The Benefits of Using a Framework

Using a framework to develop your project helps you get off the ground from the start because you can use pre-written code for the standard functions. In a sense, it keeps you from reinventing the wheel, because the most common functions and foundations are already taken care of, so you don’t have to spend time writing them yourself. Usually, this is done via an easy-to-use graphic interface, which saves a great deal of time in and of itself.

However, when you use a well-developed framework, it will also automatically add any additional coding modules that are required to work with the selection you have made. In other words, if you want to put windows into your house, you need walls; a software framework makes sure that you have the walls you need for your windows so that they have a place to go.

A high-level framework, like the Harmony software framework, also offers options beyond the default within modules and allows for efficient customization. In the end, by giving you the basic code structure for your application you can reduce and simplify the amount of code you have to write.

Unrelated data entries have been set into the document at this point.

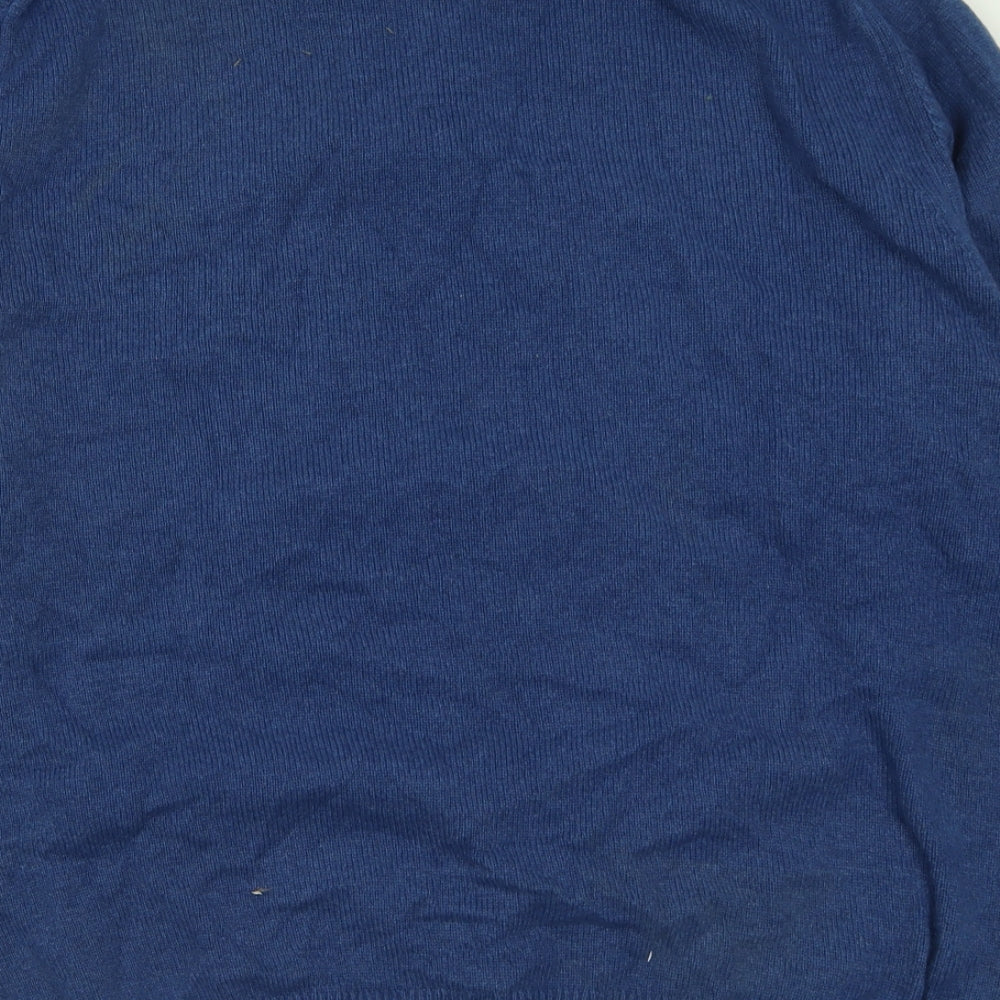 Glenmuir Mens Blue High Neck  Wool Pullover Jumper Size XL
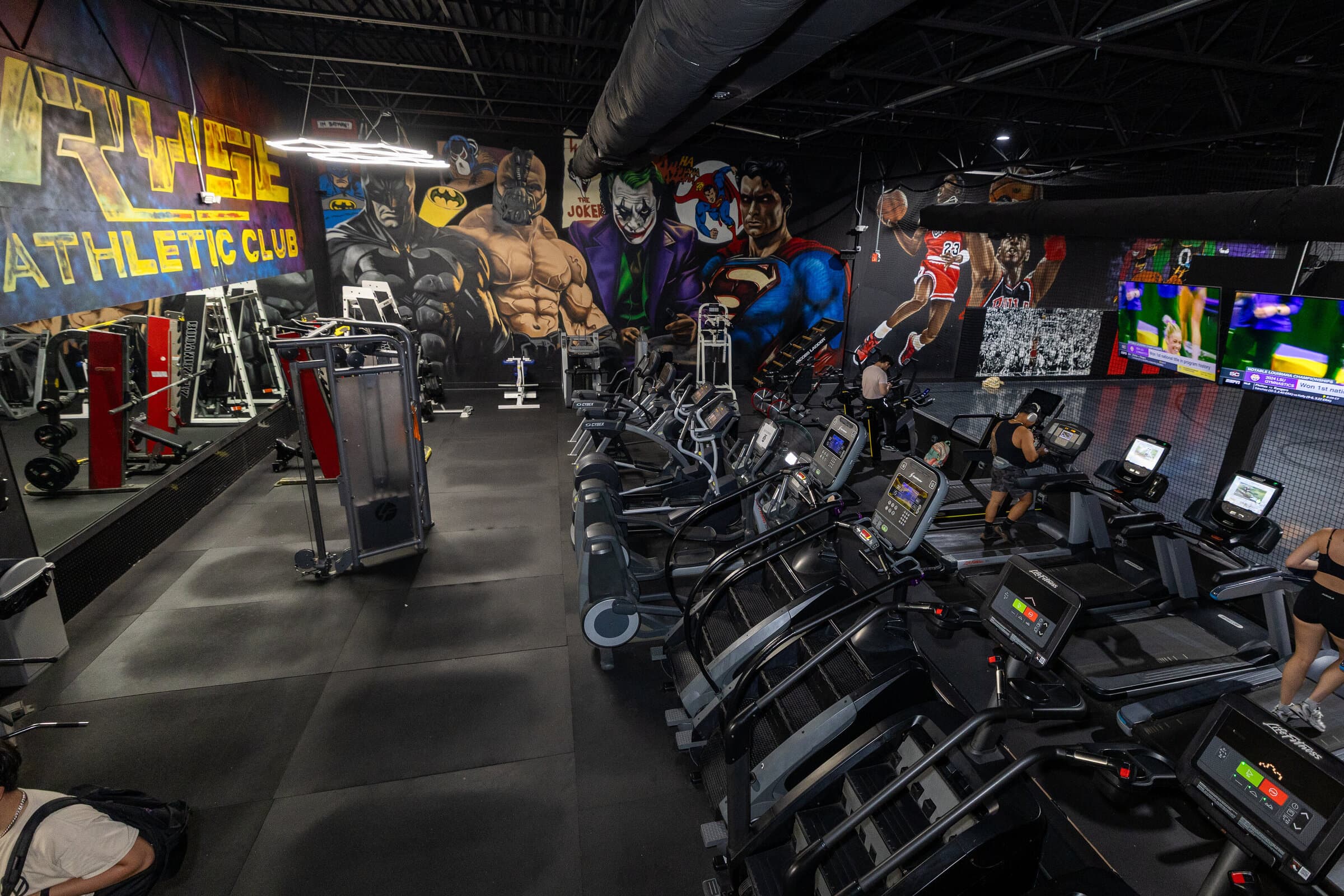 Inside Ryse Athletic Club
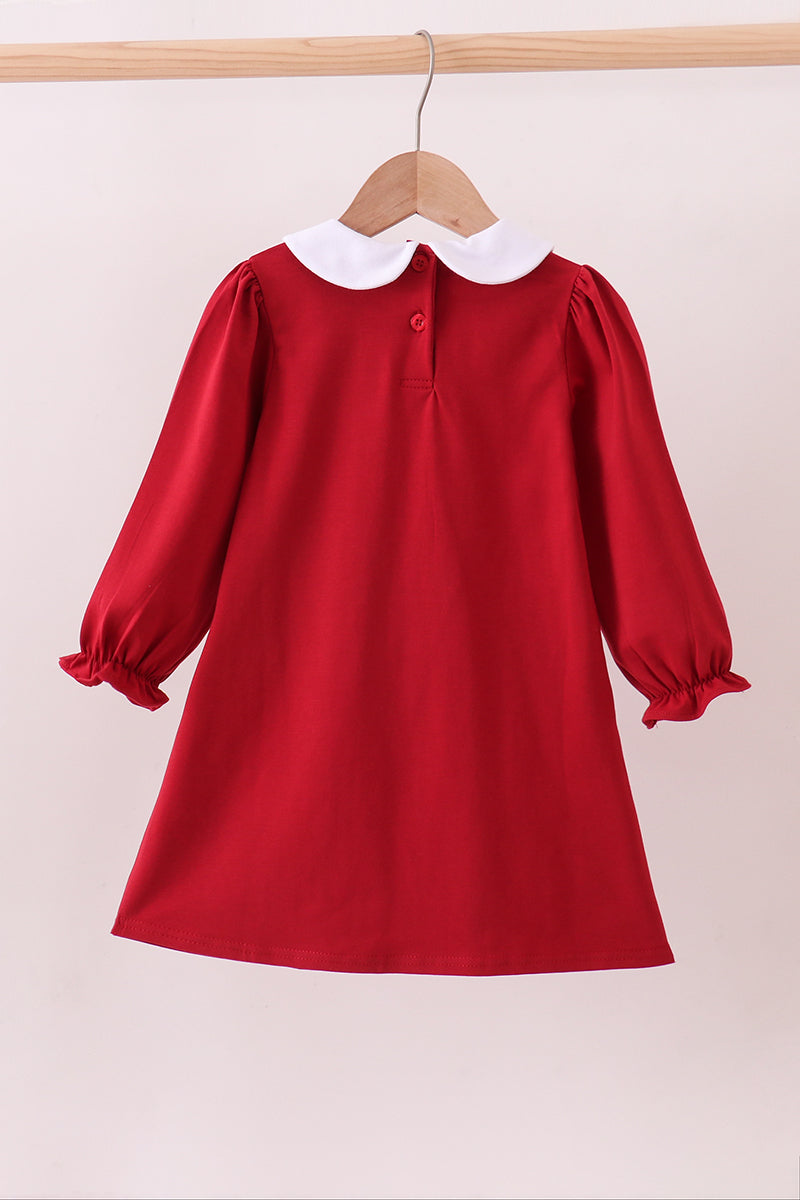 Premium Maroon Alabama Elephant Applique Dress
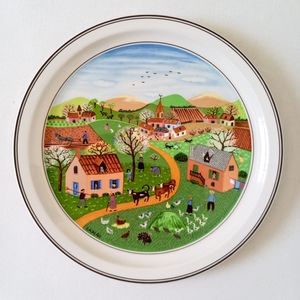 Villeroy & Boch French spring folk art scene wall plate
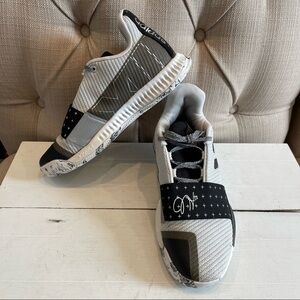 Adidas James Harden Basketball Shoes Gray Black White Mens Size 6.5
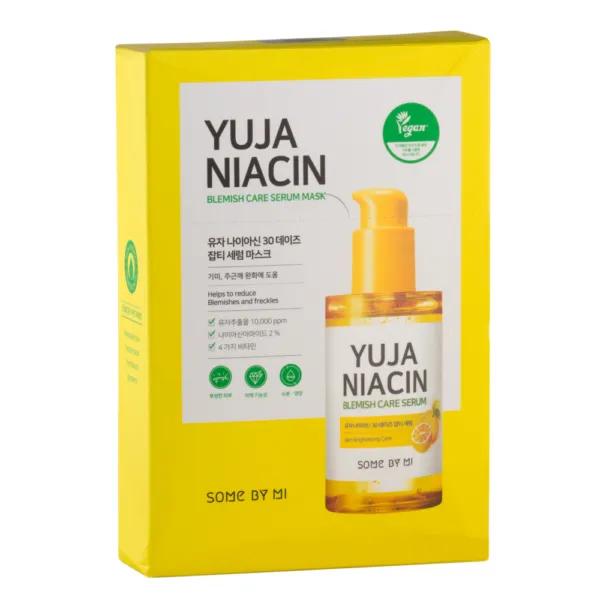 Yuja Niacin 30days Blemimsh Care Serum Mask – Pack Of 10
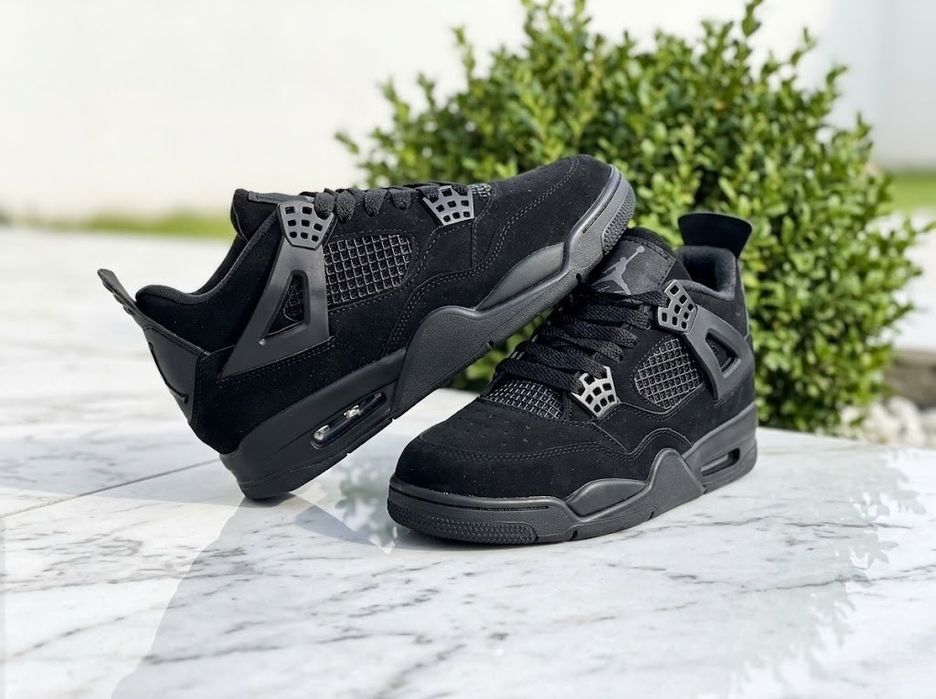 Adidasi Jordan 4 Black Adidasi Unisex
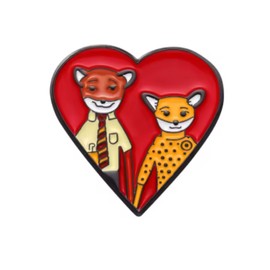 Fantastic Mr Fox costume brooch, Enamel Pin, Animal Jewellery
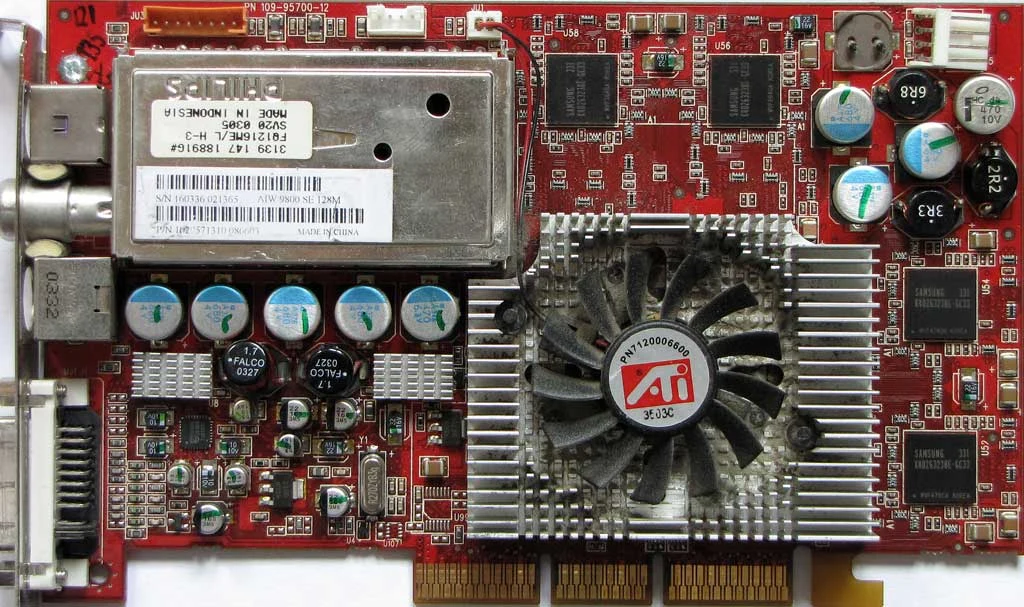 Karta Hercules 3D Prophet ATI All-in-Wonder 9800 SE z tunerem telewizyjnym i chłodzeniem
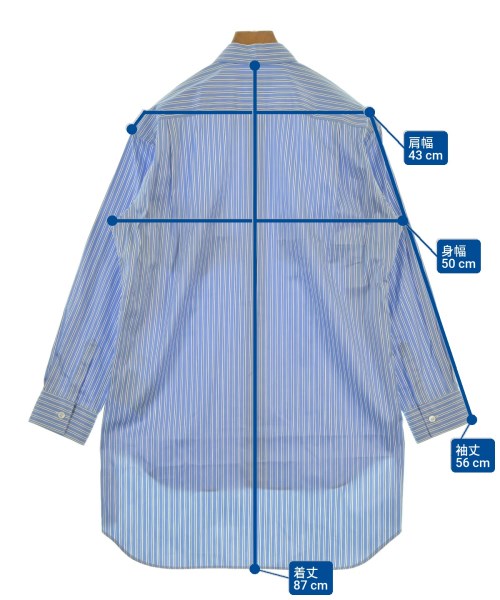 COMME des GARCONS SHIRT（コムデギャルソンシャツ）カジュアルシャツ 青 サイズ:S メンズ/2200634334030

Using a framework offers a few other advantages as well.

  • Shorter time to market. Because the developers aren’t spending time writing code for basic functions, they can spend time on the additional code, and get devices developed sooner.
  • Less resource usage. When you use a framework, the framework’s code is optimized for that specific device, therefore requiring less code than if the developer created those functions from scratch. In fact, when most developers write code from scratch, they don’t always optimize the code for every individual device, since the time and resources required to do so could push the project off track. Therefore, devices that aren’t developed using a framework may use more resources than necessary.
  • Better code interoperability. Code developed within frameworks tends to be more flexible in terms of the devices where it can be used.
  • Improved coding. When used within integrated development environments, frameworks help improve the accuracy of the code and identify potential errors.
  • Easier updating. Products generally need to be updated for better performance or other reasons. Frameworks make it easier to update the software or hardware from one device to another, as you can simply move the code from one device to another as long as they are using chips from the same manufacturer.

There are plenty of benefits to using a software framework when developing your device, but the ease of use and faster time to market are perhaps the most compelling.

When time is of the essence, and you do not want to use resources to create code that’s already been developed multiple times over, a framework can help your project get off the ground faster and work more efficiently.